田川:为什么要办这次戏剧节?陈明昊:就过瘾嘛,一个人过瘾不叫过瘾,得大家一块过瘾。
戏剧节,陈明昊并不陌生。七届乌镇戏剧节,他届届不落。2019年,他受邀参加世界三大戏剧节之一的阿维尼翁戏剧节,在全城最大的室内剧场连演10场孟京辉版的《茶馆》。作为中国首个进入阿维尼蒙戏剧节核心板块的话剧,几乎受到整个戏剧节的最高礼遇。戏剧节艺术总监在看完陈明昊的首演后,跑到后台拥抱他,直呼:天才、超人。法国媒体评价他为,“舞台上的野兽”和“风暴中心”。
陈明昊:我觉得戏剧和生活的关系是危险的。你相信了戏剧,而戏剧的真实状态其实就是危险的,不确定的。别以为你花时间背了台词,排了戏,这个东西就是喜剧了,我觉得不是。
陈明昊2000年进入戏剧圈,赖声川、孟京辉、林兆华......这些中国最优秀的戏剧导演名字,频繁出现在陈明昊参演的30多部戏剧作品中。最疯狂的时候,他曾在结束赖声川福州场的《暗恋桃花源》后,直奔新疆孟京辉的《两只狗的生活意见》,隔天又赶赴青岛继续田沁鑫的戏。
近些年陈明昊开始向导演转型,他执导的《巴巴妈妈》获首届乌镇戏剧节戏剧小镇奖,戏剧《公牛》、《从清晨到午夜》场场爆满,一票难求。

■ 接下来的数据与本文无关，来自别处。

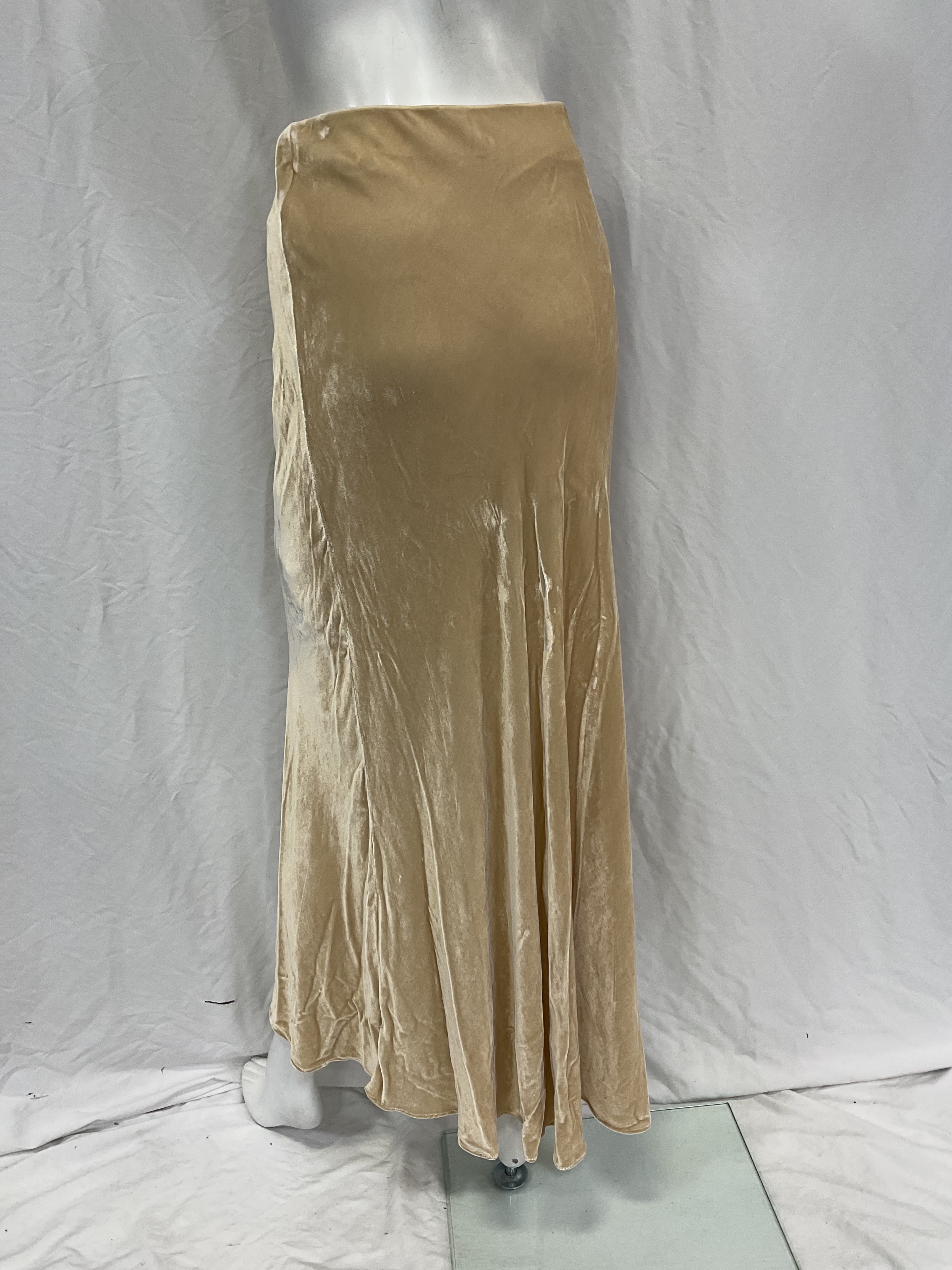 Bianca Velvet Maxi Skirt - Image 3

田川:您的作品《海边的罗密欧与朱丽叶》怎么样了?陈明昊:演完了,我觉得我这么说挺准确的,就是演完了,没有什么可说的。田川:为什么?陈明昊:对我来说就是一个行为吧。
△陈明昊导演作品《海边的罗密欧与朱丽叶》
《海边的罗密欧与朱丽叶》改编自600年前两个版本的《罗密欧与朱丽叶》,讲述两个意大利贵族年轻人相爱,誓言相依,但因两家世仇受到阻挠,最终走向死亡的故事。舞台安置在海边一片空旷的沙滩,戏剧从凌晨3点开演,日出时落幕。演员和观众在黑暗中,一同等待太阳升起的一刻。

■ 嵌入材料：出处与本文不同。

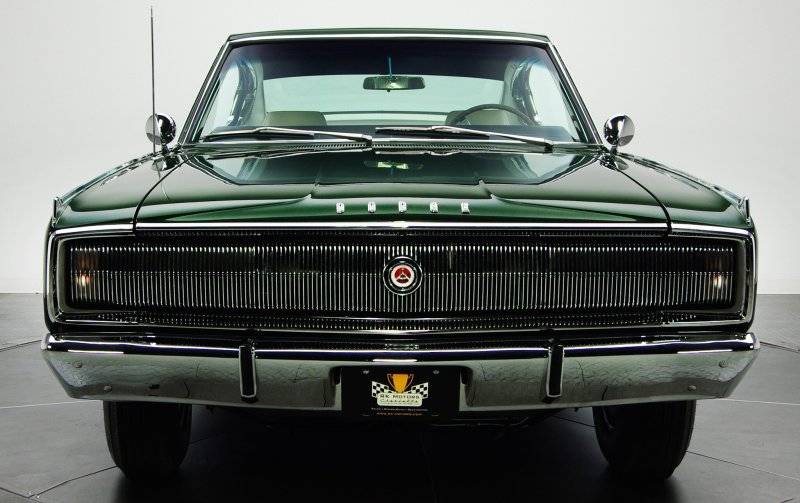 Misc Front End (16565) '67 Dodge Hemi Charger (2).jpg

陈明昊:原计划是演出不用灯,我说太阳就是最棒的一盏灯吧,你还玩灯?太自不量力了吧。在太阳面前你还敢玩灯?等着它亮就完了。计划大概有40分钟在全黑的状态里,观众感受到的全是声音,隐藏着很多不可见人的,邪恶的东西。然后随着太阳升起,有些美好的东西慢慢出现。这也是大家的一个愿望,就跟看日出的人是一样的,我们都是想追求美好事物的人。但后来说在原先的场地演出可能会扰民,因为表演在夜里3点,我觉得影响人家休息也不太好,一咬牙就决定搬家了。

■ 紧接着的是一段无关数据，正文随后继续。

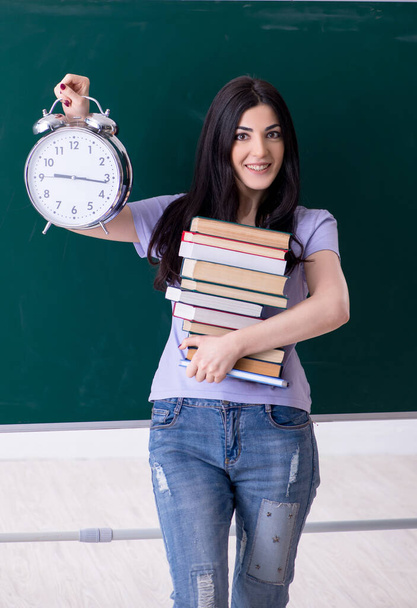 La joven profesora alumna frente al tablero verde - Foto, Imagen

原本搭好的舞台不让用了,陈明昊和团队搬到距离原先场地一公里外的另一片沙滩。场地不再空旷,地上充满了石头和工业垃圾。陈明昊一边搭建新舞台,一边重新构思已经排练了40天的戏。
陈明昊:两个场地有什么区别呢?对我来说就是两个戏,完全不一样的两个戏,反正气质完全不一样。后来也加灯光了,因为没有灯光感觉不对了,新场地里的推土机、挖掘机我也都用了。
演出如期开始。意外在表演第三天再次降临,下雨了。乐队的效果气被烧,灯里也进了水。因为调试设备,演出已经拖延了半小时。而开演前,起到指挥作用的字幕机也罢工了。
陈明昊:我们原本的演出计划是不聊恶劣天气,直接退票。但那天一个是雨没那么大,然后坐好的300个观众也等半天了,但是看不到任何信息。所以我就想先给他们看看字,我就跟工作人员说用字幕机给观众放点字看。然后他说不管用了,字幕机不亮了,但是演员已经打着火把朝舞台走过来了,我就说“赶紧修,快修,快快!”工作人员就把设备重启,各个插头重新插,重新弄,都不管用。所有的一切都没有生命力,绝望。田川:不过我觉得这就是拿天地做舞台的意外,也算是惊喜。陈明昊:对,虽然有很多感受没有传递给观众,这是遗憾的。但有什么是不遗憾的呢,每天不都是这样。只要它是我们由心出发的,独特的一次演出,我觉得就可以了,这是我能接受的。
△演出第三天下雨了
除了一部从凌晨3点开演的戏,陈明昊还在戏剧节发起跨界艺术项目——戏剧房子。他邀请13位与建筑行业毫无关联的艺术家,像儿时搭积木般,在阿那亚戏剧节搭建一所属于自己的房子。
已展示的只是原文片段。